7 responses to “Dear Imprudence: A “Tired Wife” Strikes Back?”

  1. anjak-j

    One thought occurs to me here – the oft-used reverse-sexism trope women use regarding the expectation of them to get well quickly from ailments and tend the house while men are accused of feigning near-death from something as simple as ‘flu.

    To me, this woman’s comments just reek of “if the situation were reversed, I’d be expected to buck up and get on with it.” Maybe she’d do well to consider how that would make her feel if she were the disabled person.

  2. Mel

    I’m curious Annaham, what did you think of Prudence’s advice?

  3. lilacsigil

    I suspect that you’re right about the gendered expectations – she’s been “perfect wife” and now she feels that she has to be “perfect wife (caring and planning)” and “perfect husband (earning)” while her husband has to take on no role at all. Whether or not he’s depressed (or she is!) it seems like she feels that there’s no place for him in their relationship. Without being able to analyse *why* their relationship is constructed that way, she is blaming his disability, when really that’s a catalyst rather than a cause.
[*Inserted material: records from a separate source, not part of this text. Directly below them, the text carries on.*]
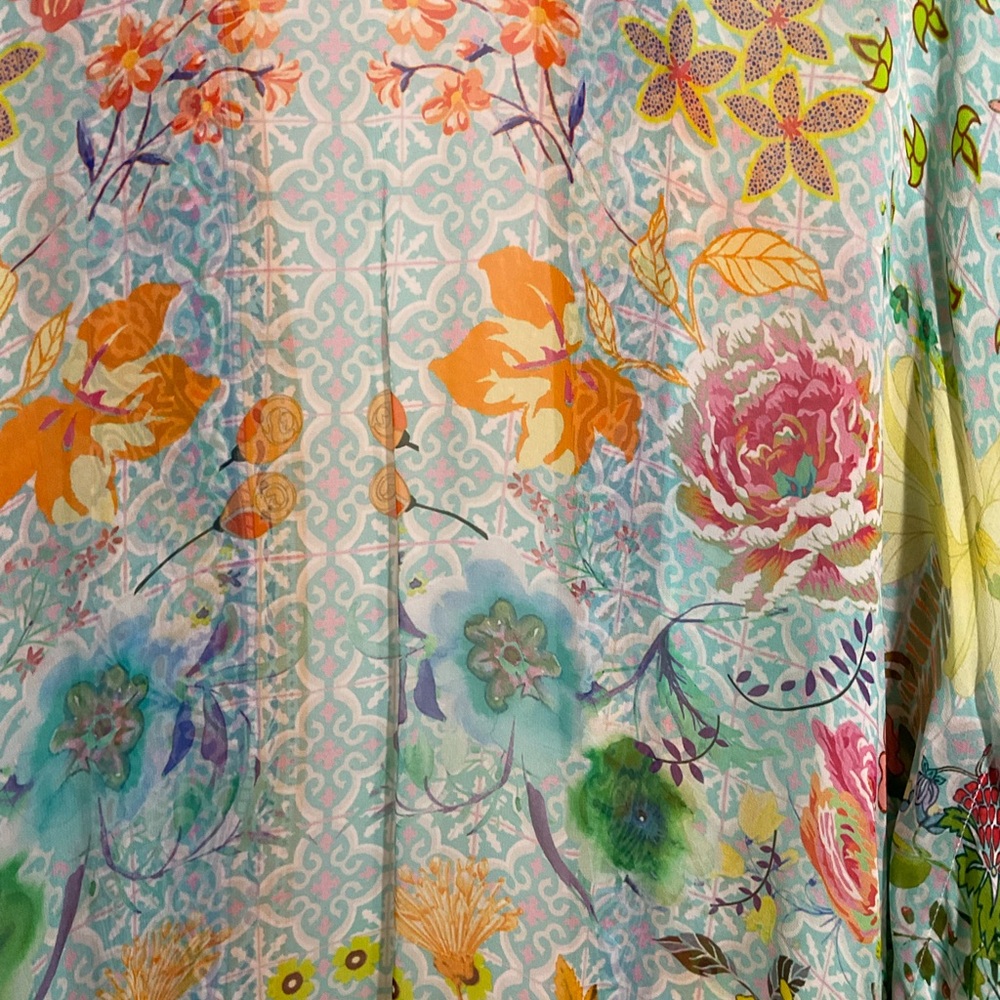 Soft Surroundings Boho Floral Kimono Cardigan – One Size – 100% Rayon hippie - Picture 15 of 16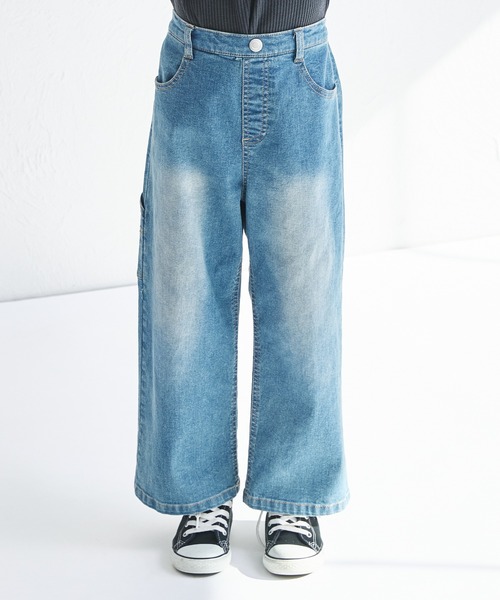 pairmanon(ペアマノン)の「ペインター ワイドデニムパンツ(デニムパンツ・キッズ・インディゴブルー/ライトブルー/ブルー・100/110/120/130/140/150/90)」の4枚目の写真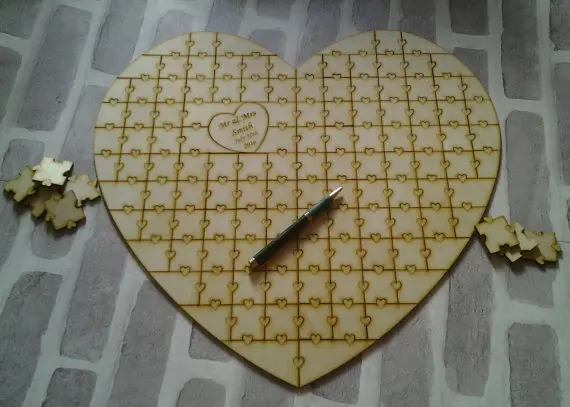 custom rustic Jigsaw Heart Shape wedding day guest books Alternative hearts Wooden guestbooks Reception party favors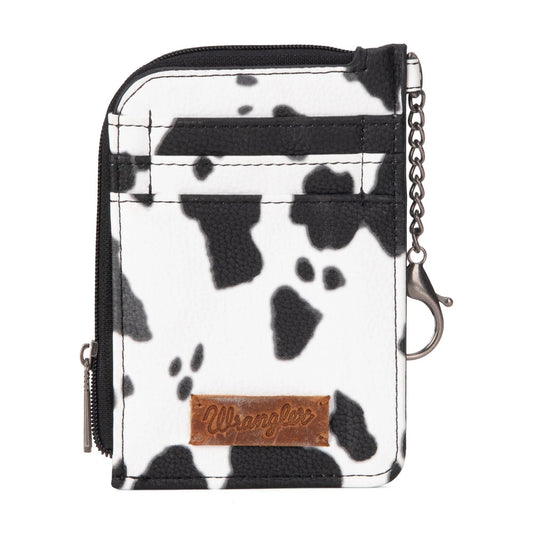 Wrangler Cow Print Print Mini Zip Card Case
    I understand what you mean about the over-valuing of “independence”, but that’s not something I see here – she wants to be part of a partnership, but doesn’t know how.

  4. Kateryna Fury

    I find it odd she didn’t mention caregiver respite programs, made for such situations. I know not all areas have them but many states in the US and I am fairly sure other areas in this world have resources. If he is disabled, which obviously in this letter he is, then he also may qualify for another caregiver beyond her to relieve some of the burden. I felt the response was okay but it wasn’t very proactive and still puts all the stress on her husband for not being ready to heal and “get over it”. His brain was damaged by his own body, that is a grievous blow!

  5. Elizabeth

    I think you’re being a little too harsh. My husband and I BOTH have chronic illnesses, which can be an emotional struggle in many different ways. We both generally try to make the best of our situations, but it is impossible to stay upbeat all the time. It is certainly hard for me when my husband is going through a depressive period, and it is hard for him when I am. It is immensely hard to see someone I love suffer, and caring for a depressed partner takes up more spoons than either of us have available some days. (Even temporarily abled people only have so many spoons afterall.) I think it oversimplifies things quite a bit to say that the woman is simply upset that her husband can no longer fulfill the role of “perfect husband/breadwinner.” Having been on both sides of the caretaker/caretakee relationship throughout my marriage, I can say that each time I step into either roll, it provokes a new range of thoughts and feelings about my relationship and my life.

  6. hsofia

    From a feminist perspective, I’m happy to see a woman reaching out and asking for help (even if it is of an advice columnist) … a woman saying, “I can’t do this by myself. I don’t know what to do”. This is so much better than just resigning oneself to the role of suffering martyr woman who takes care of all although she feels like dying (or killing) on the inside. It’s hard for me to comment beyond that because I don’t know how I’d handle that situation – that level of stress would be hard for me to cope with.